**** RECORDS FOR THIS TASK ****

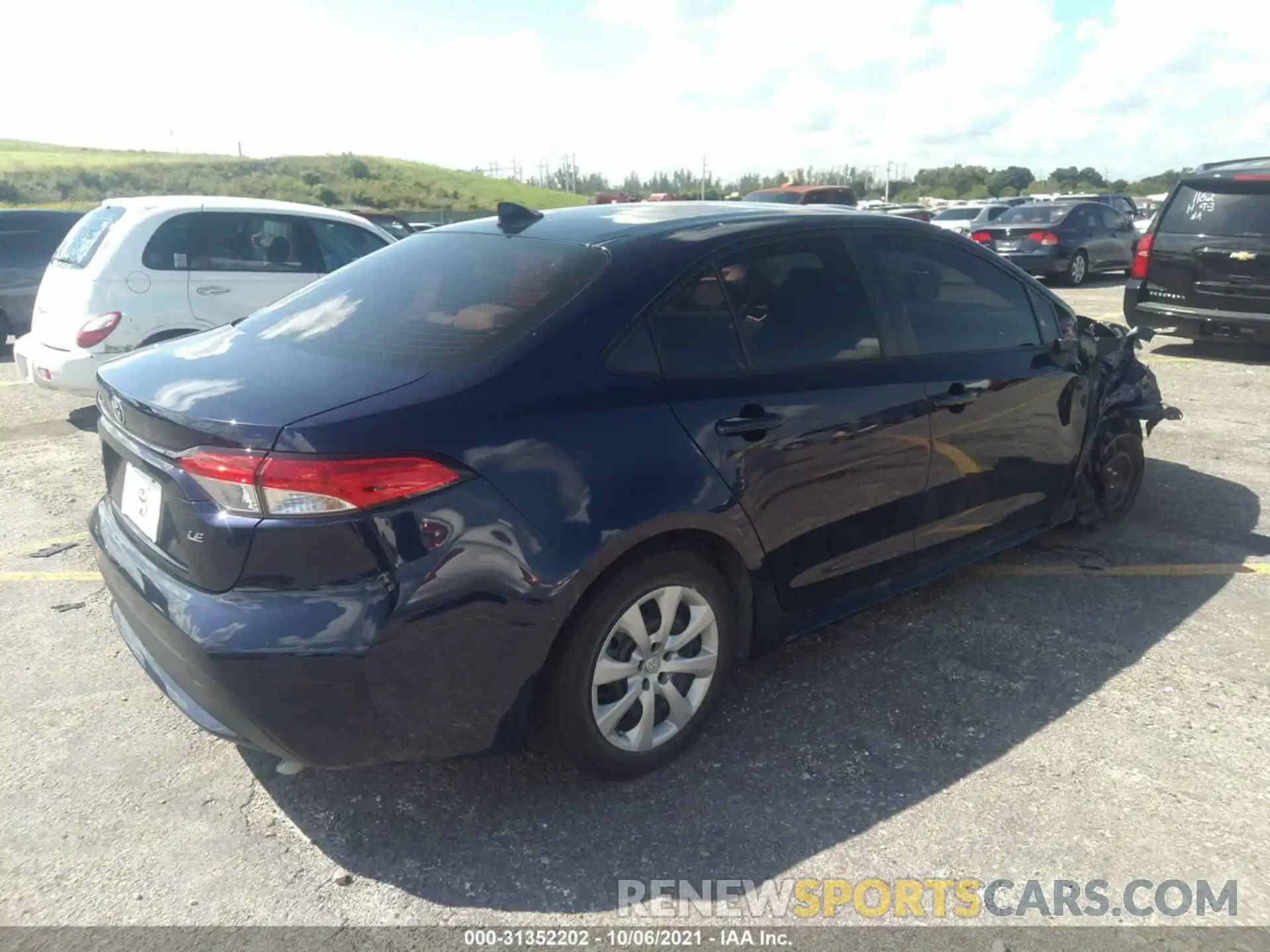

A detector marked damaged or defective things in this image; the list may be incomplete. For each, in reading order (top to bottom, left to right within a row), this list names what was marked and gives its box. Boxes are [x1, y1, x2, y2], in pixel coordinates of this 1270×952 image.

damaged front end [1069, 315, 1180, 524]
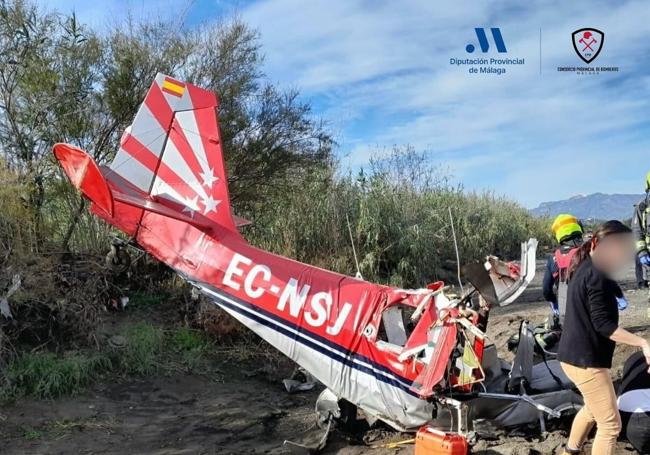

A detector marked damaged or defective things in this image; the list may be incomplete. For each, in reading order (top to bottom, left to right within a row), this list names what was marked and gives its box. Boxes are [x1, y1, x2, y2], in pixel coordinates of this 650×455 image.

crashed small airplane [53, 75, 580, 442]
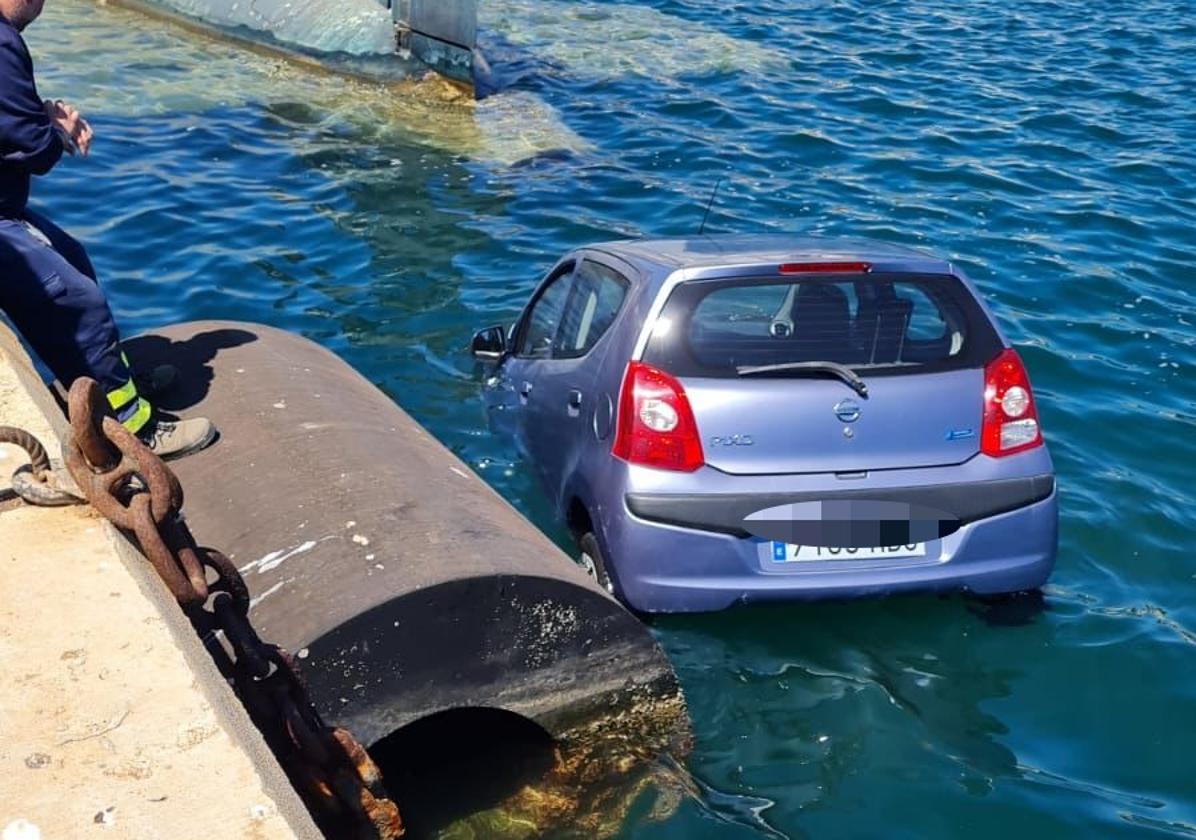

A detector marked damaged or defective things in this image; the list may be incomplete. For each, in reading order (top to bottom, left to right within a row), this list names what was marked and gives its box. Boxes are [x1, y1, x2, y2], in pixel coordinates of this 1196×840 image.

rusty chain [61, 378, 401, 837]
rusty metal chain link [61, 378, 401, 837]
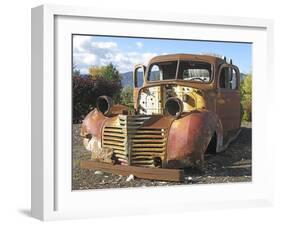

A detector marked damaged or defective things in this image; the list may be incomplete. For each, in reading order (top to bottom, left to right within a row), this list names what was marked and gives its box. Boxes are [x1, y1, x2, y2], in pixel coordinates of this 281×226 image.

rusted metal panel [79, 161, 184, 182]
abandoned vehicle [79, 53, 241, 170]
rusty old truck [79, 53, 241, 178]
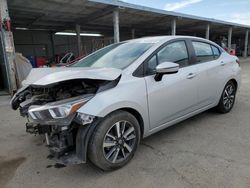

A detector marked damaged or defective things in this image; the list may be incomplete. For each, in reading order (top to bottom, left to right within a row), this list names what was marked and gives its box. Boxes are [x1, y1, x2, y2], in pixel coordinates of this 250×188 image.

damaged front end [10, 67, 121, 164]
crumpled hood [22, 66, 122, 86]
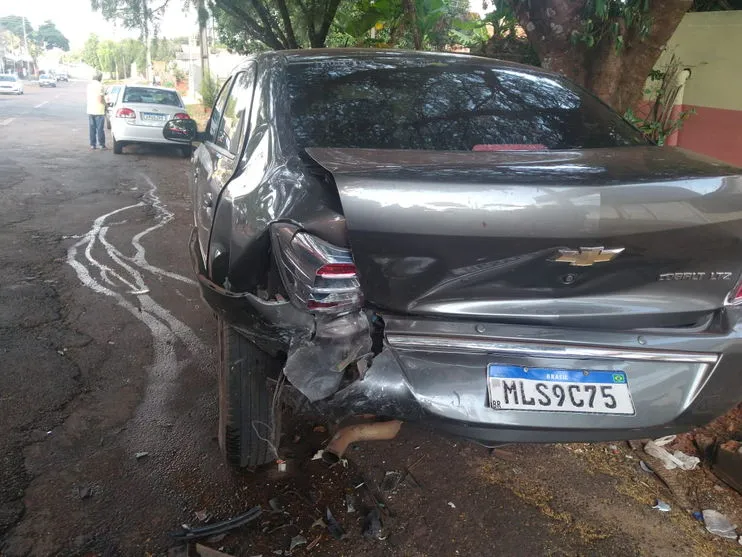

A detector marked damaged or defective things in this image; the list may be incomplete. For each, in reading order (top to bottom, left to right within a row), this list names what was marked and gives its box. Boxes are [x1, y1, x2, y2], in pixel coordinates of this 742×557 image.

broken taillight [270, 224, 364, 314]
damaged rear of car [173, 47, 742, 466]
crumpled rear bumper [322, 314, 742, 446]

****

Write out, word for word, the line containing "this 742×557 image." and all the lines after it in the entries above, and nothing more.

A detector marked damaged or defective things in this image; the list may be incomplete. For each, in reading order (top to bottom, left to right within a row), this list names what was marked and gives its box. Boxes are [x1, y1, x2, y2], in pixel coordinates of this 742×557 image.

broken taillight [270, 224, 364, 314]
damaged rear of car [173, 47, 742, 466]
crumpled rear bumper [322, 314, 742, 446]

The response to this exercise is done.